Caterpillars are unable to escape adults hungry for essential pheromones.
Milkweed Butterflies Observed For The First Time Feeding On Live Young
A new study raises questions about evolutionary theory, as adult milkweed butterflies were observed by researchers harassing, subduing and then feeding on a subspecies: live, dying and dead caterpillars.
“This is the first time the behavior has been reported,” said Yi-Kai Tea, a co-author of the study, published Sept. 8 in The Scientific Naturalist. Because this behavior does not fit neatly in the traditional modes of predation, parasitism or mutualism, the report posits, it offers a challenge to evolutionary theory.
At the larval stage of butterflies and moths, caterpillars feed on toxic plants, ingesting chemicals they use for self-defense. The chemicals make caterpillars unpalatable to predators such as birds and are manifested in adult species as beautiful colors. Among the milkweed butterfly species is the monarch butterfly of North America.
The same substances produce mating pheromones in male butterflies, which function as nuptial “gifts” to females during courtship. Males supplement their diet by seeking out additional sources of the chemicals in plants. However, in the forests of North Sulawesi, Indonesia, they seek out caterpillars to increase their supply.
“We have coined it ‘kleptopharmacophagy’— chemical theft for consumption,” said Tea, a systematic ichthyologist and taxonomist at the University of Sydney.
To supplement the chemical supplies they obtain as caterpillar juveniles, the butterflies engage in a behavior known as “leaf-scratching.”
“They damage [chemical-containing] plants with their sharp tarsal claws, liberate plant juices and imbibe them using their long, curly tongues,” said Tea.
But scratching live caterpillars had been previously unknown. “Caterpillars are essentially bags of macerated leaves, the same leaves that contain these potent chemicals the milkweed butterflies seek out.

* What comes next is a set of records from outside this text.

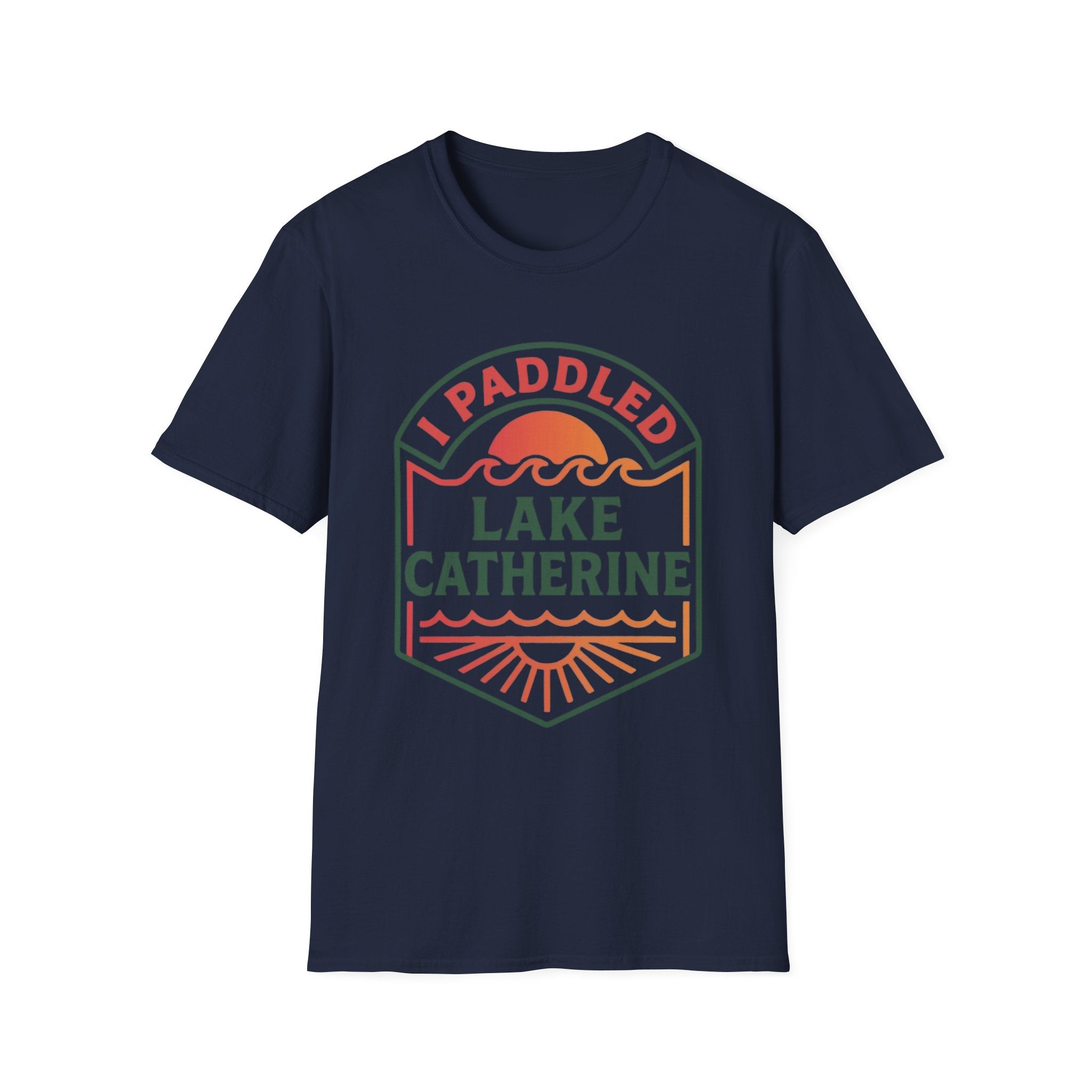 "I Paddled Lake Catherine" Unisex Softstyle T-Shirt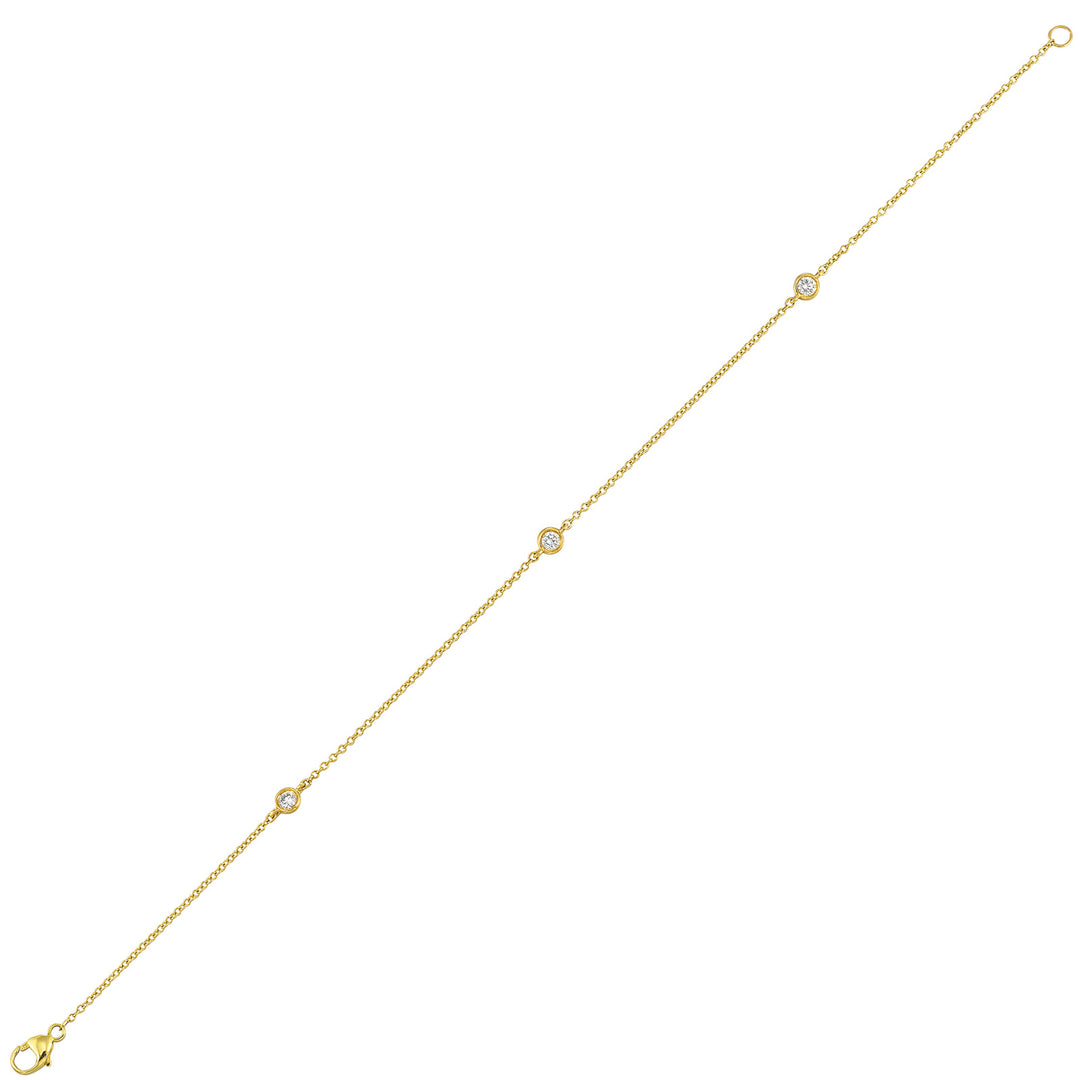 14Kt Yellow Gold Diamond 1/7Ctw Bracelet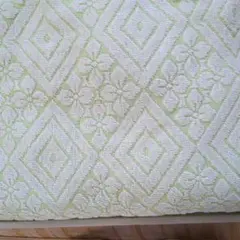 値下げさわやかグリーン タオルシーツ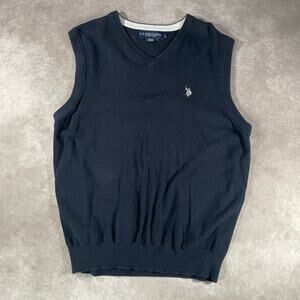 Vintage U.S. Polo Assn Embroidered Logo Blue Sweater Vest
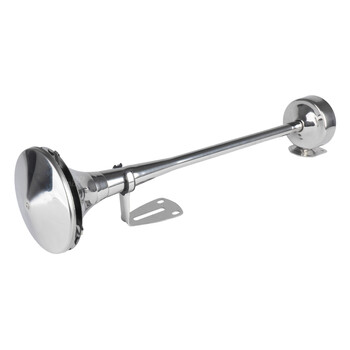 04077/AM ΚΟΡΝΑ ΠΝΕΥΜΑΤΙΚΗ ΜΟΝΗ 12/24V 115dB HIGH TONE ΜΗΚΟΣ:520mm ΧΡΩΜΙΟ ΑΜΙΟ - 1 ΤΕΜ.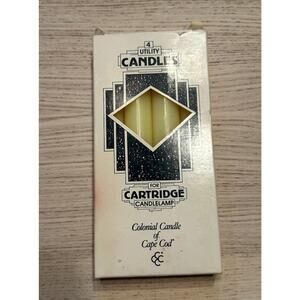 RARE Vintage PartyLite 6" Utility Candles for Cartridge Candle Lamp - Box of 4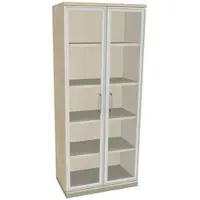 Fm Büromöbel Aktenschrank »Oldenburg« 5 OH klare Acrylglastüren braun, 80x186.9x44.2 cm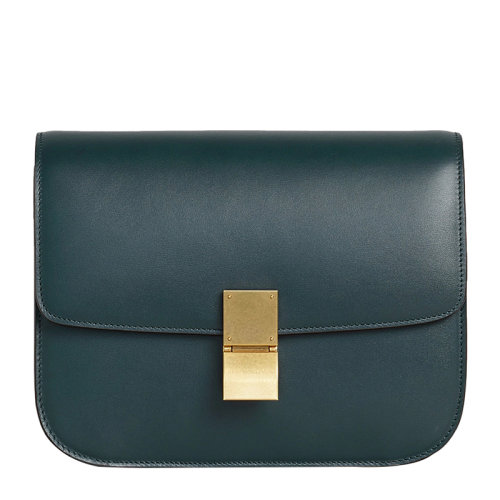 CELINE/賽琳 經典款女士純色小牛皮扳扣翻蓋開合豆腐包斜挎包單肩包小方包女包 189173DLS 多色可選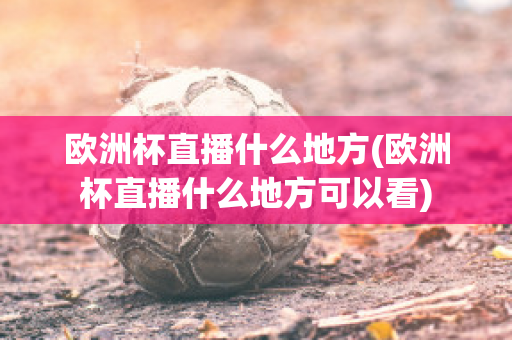 欧洲杯直播什么地方(欧洲杯直播什么地方可以看)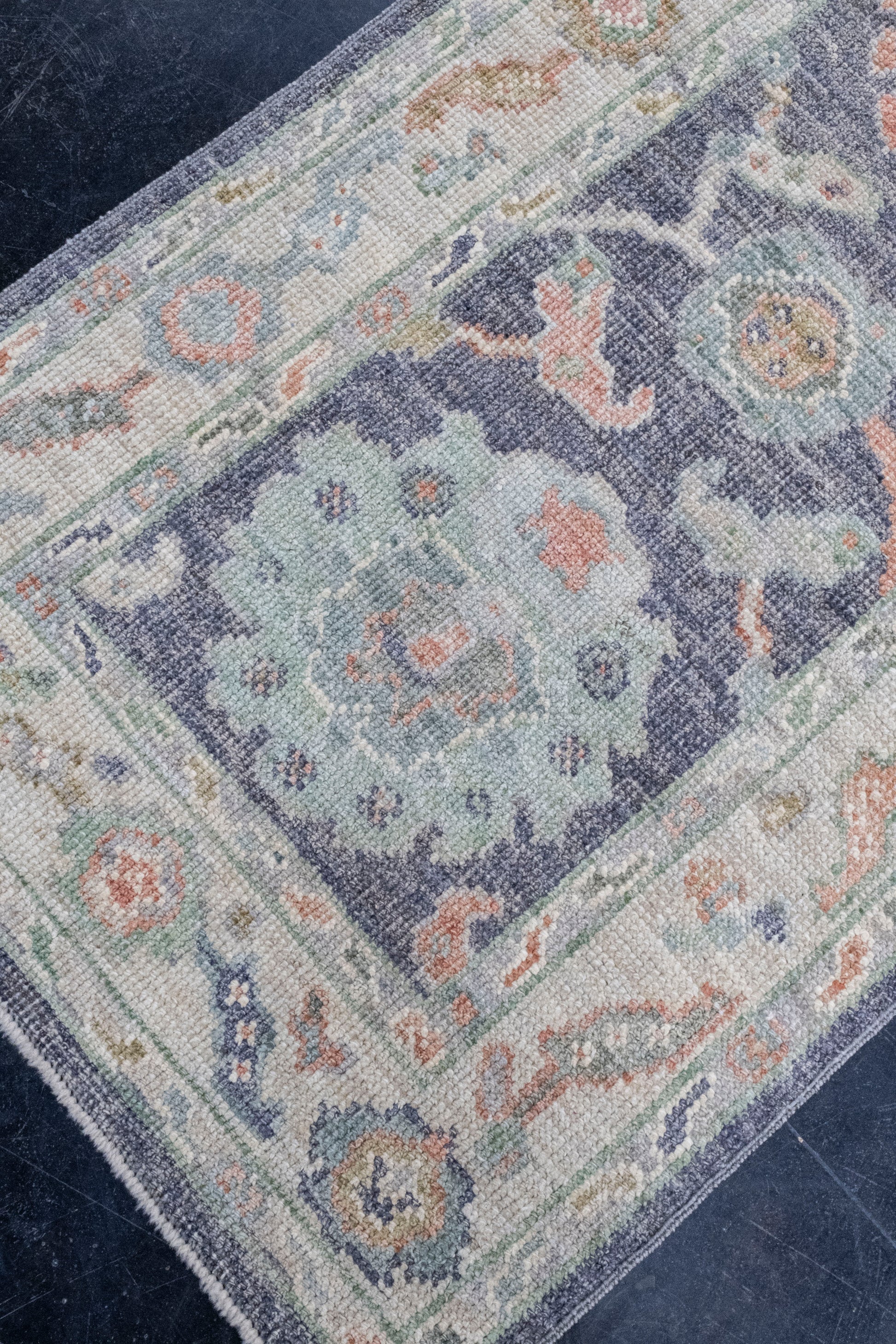 Turkish Oushak Rug 2'5" x 7'9" #16509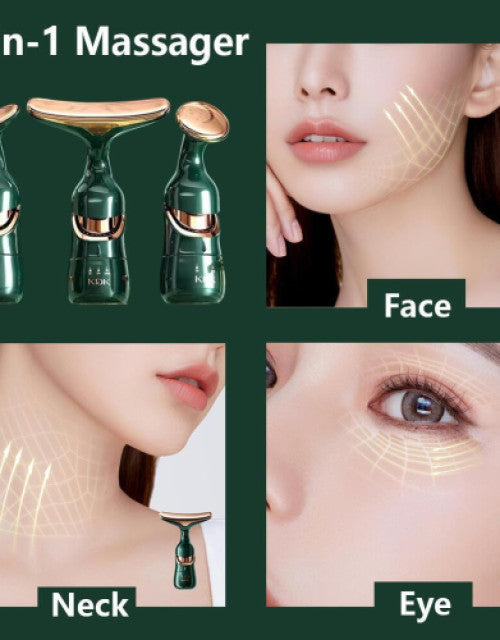 3 in 1 Anti-Wrinkles Face Neck Eyes Massager - ShopzVibe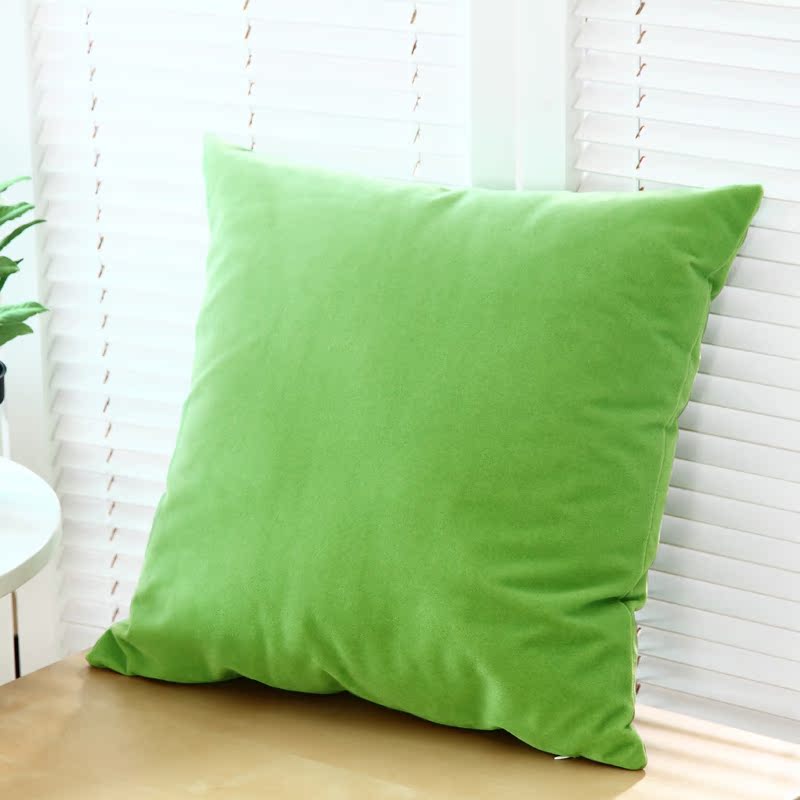 新款素色沙发抱枕植绒纯色靠垫套靠枕含芯汽车抱枕含芯特价包邮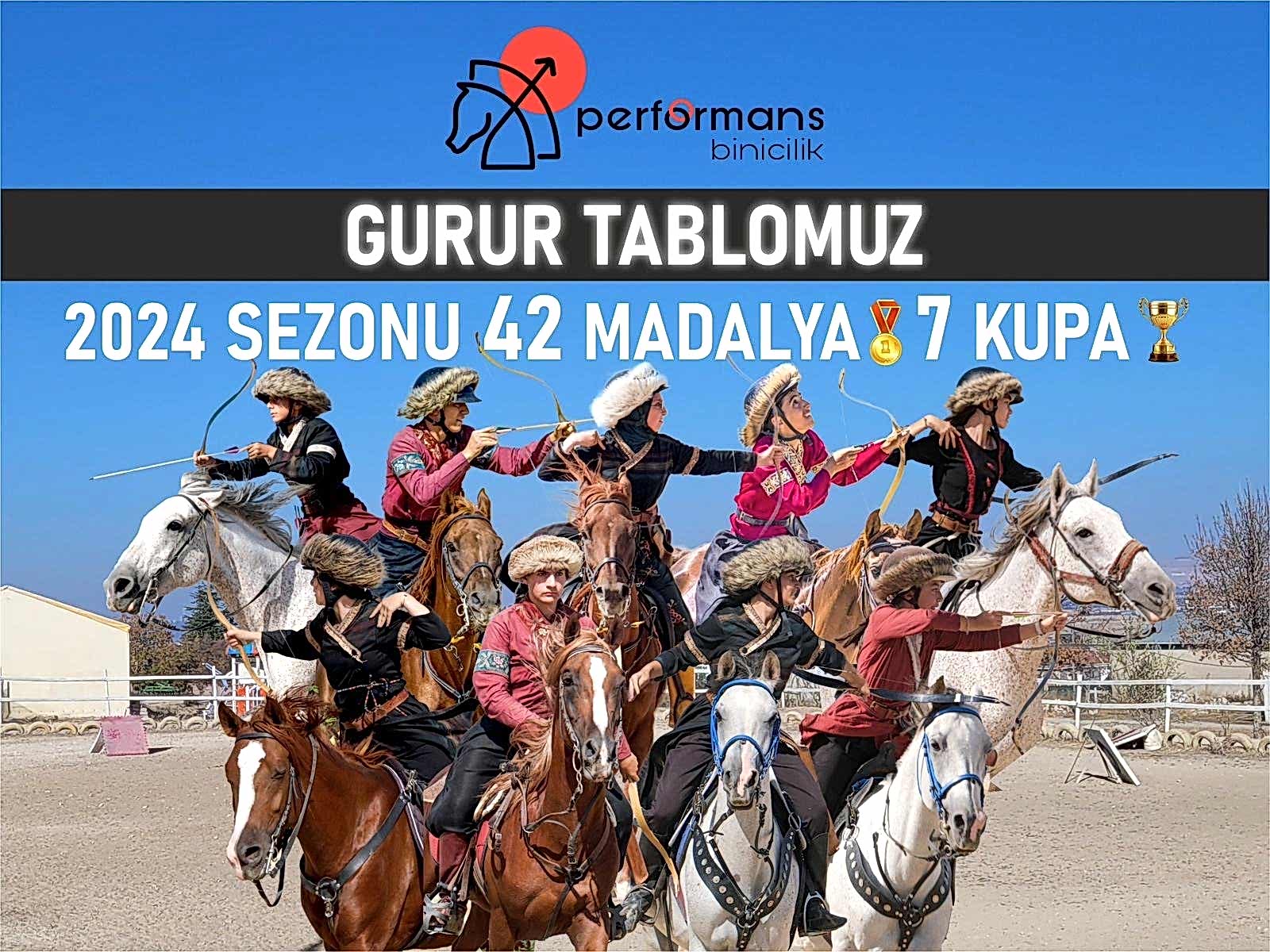 Gurur Tablomuz: 2024 sezonunda 42 madalya 7 kupa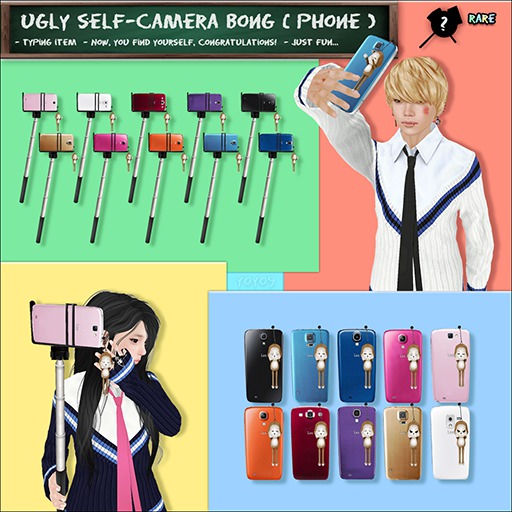 * yoyo9 * ugly phone selcabong A,B set(black)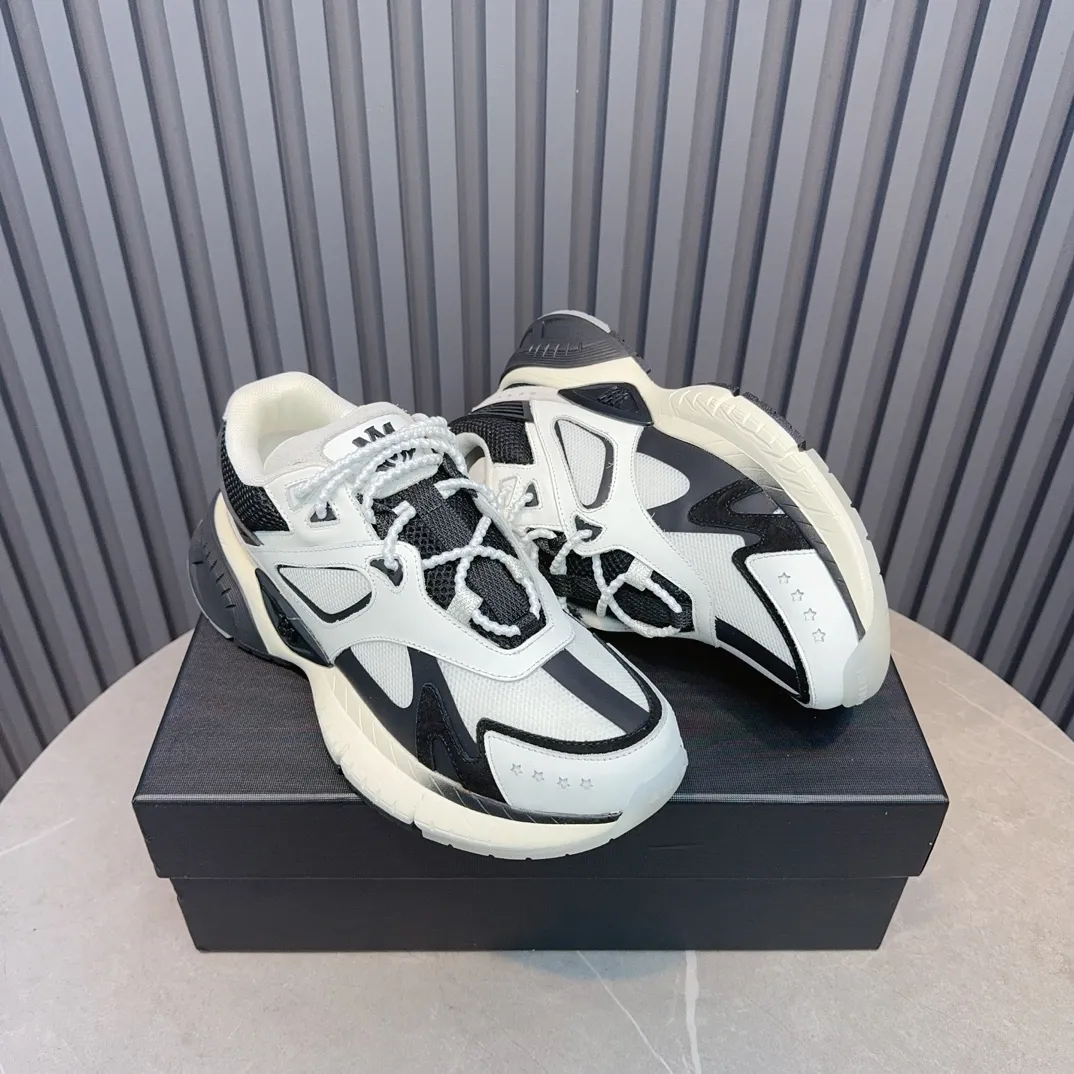 Men's shoes💰740💰 AMIRI AMIRI trendy brand hot sale🔥 Available all year round✅Couples💑 Official website synchronized Imported fabrics 1⃣️ratio 1⃣️Re-engraved, original factory special original sole, 35-45 (38.45. Non-refundable)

To adult butterflies, they may simply be an alternative source of chemicals on which to feed,” said Tea.
Tea first observed caterpillar scratching in 2019 in the coastal forests of North Sulawesi. There he saw adult male milkweed butterflies scratching at both leaves and live and dead caterpillars and apparently sucking the juices from wounded and oozing young.
“The caterpillar larvae would contort their bodies rapidly in what appeared to be futile attempts to deter the scratching,” he said.
Milkweed butterflies had been known to feed on carcasses of other chemical-containing insects. However, this is the first time that feeding on living insects of the same order has been observed. So far, researchers don’t know whether caterpillars died because of the scratching.
“Nonetheless, these simple observations raise questions about the ecology of these well-known butterflies, providing numerous opportunities for future studies,” said Tea. “For example, which exact compounds are these butterflies interested in? Does this behavior occur elsewhere in the world?”